Paralelamente, na Italia, a particular baixa qualidade técnologica do equipamento de áudio
disponível aliado a um certo gosto italiano pelas tomadas externas faz com que o cinema que em
alguns anos surgiria da Cinecita seja essencialmente um cinema de dublagem. Curioso o fato de que
a estética da dublagem se manteve no cinema italiano até nossa atualidade enquanto uma estética
nacional. Para o ator italiano, a interpretação tem dois momentos: um visual e outro sonoro. E não
há sempre uma coerência verossimil entre estes dois momentos. Inumeros são os filmes de Fellini
onde o "clima" da cena é dado por um certo non-sense entre imagem e som.

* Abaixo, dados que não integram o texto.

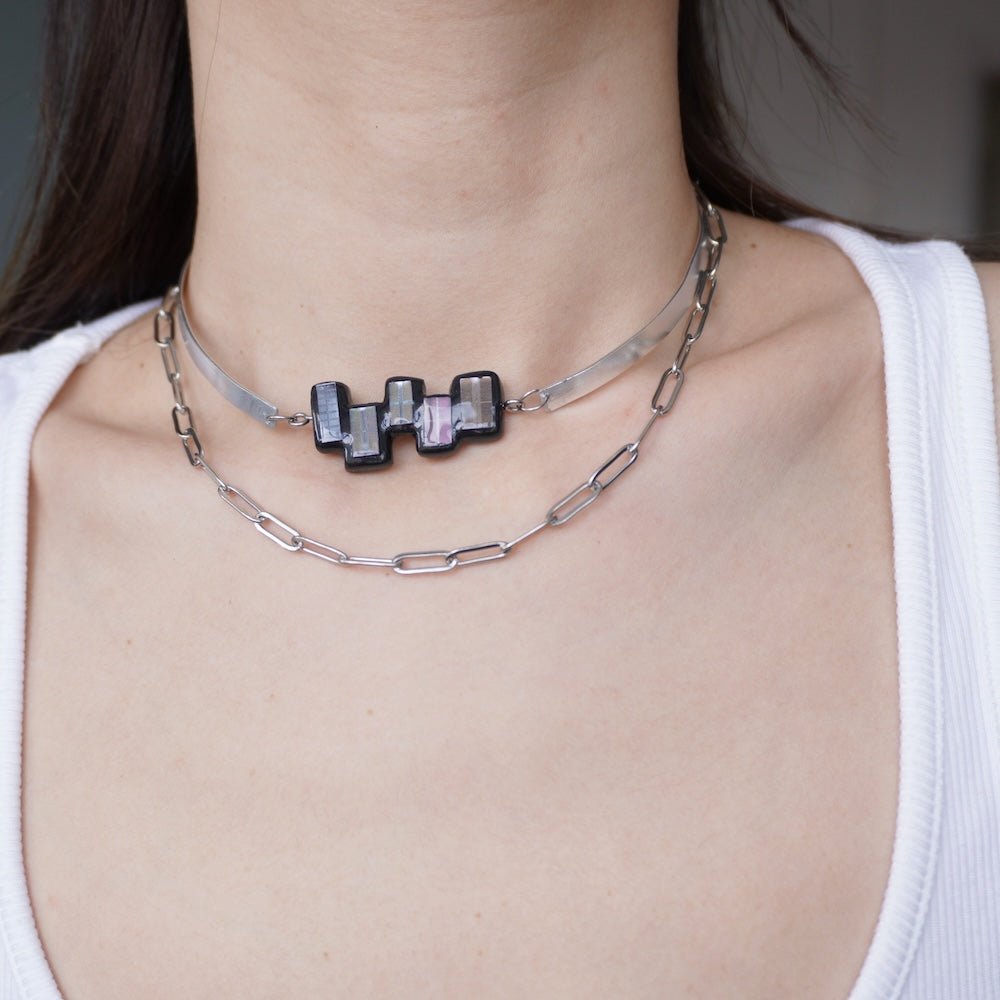 Futuristic Cyberpunk Electronic Chip choker — Handcrafted Necklace - futuristic jewelry - TUAN TUAN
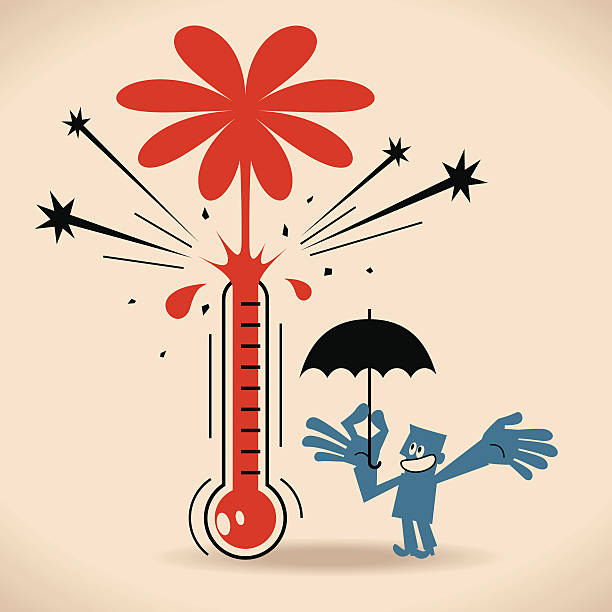 목표 온도계 - heat heat wave thermometer summer stock illustrations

É claro que inúmeras cenas externas inevitáveis aos roteiros dos filmes
precisavam ser gravadas seja no cinema italiano ou de qualquer outra nação
que, naquele momento estivesse produzindo filmes. Mas, em geral, os
diálogos precisavam ser sobrepostos via dublagem. O mesmo ocorreria para
boa parte dos sons diegeticos. Um exemplo clássico é o começo de
“O Grande Ditador” de Charles Chaplin onde a dublagem e os efeitos
sonoros alternam-se com incômodos trechos de silêncio.
Também Drácula de Tod Browning optou pela manutenção de dialogos e acabou
por abandonar a trilha sonora que ocorre em dois ou três momentos sob uma
justificativa incidental. O cinema tornára-se sonoro e deixára de ser musical. O
motivo para isto é muito simples: havia apenas uma faixa de áudio disponível para
ser sincronizada com o filme. E apesar de que técnicas de overdubing já
existissem, eram difíceis de se controlar e, ao que tudo indica, parece que o
público não se incomodava com a ausência de trilha já que isto contribuía para
essa nova experiência de hiper-realismo que o cinema passou a oferecer.
Curioso também o fato de que os diretores de cinema passaram, na maioria das vezes, a
acompanhar as filmagens dentro da cabine de som. Não só a camera precisava estar isolada em
uma cabine acústica para que seu ruído não vazasse no microfone mas, se o diretor não
acompanhasse a cena dentro da cabine de áudio, ouvindo a captação de voz dos atores, perderia a
possibilidade de dirigi-los de forma apropriada à essa nova mídia.
Portanto, parece ser razoável afirmar que
as dificuldades técnicas do cinema sonoro
acabaram obrigando, não só os atores, mas
também os diretores a conceberem a obra
a partir de uma ótica do som e não mais
apenas da imagem e da interpretação.
Como conta de forma muito divertida o
clássico Cantando na Chuva, o cinema falado
r e v o l u c i o n o u o s e t d e fi l m a g e m ,
tecnicamente, e o mercado, esteticamente.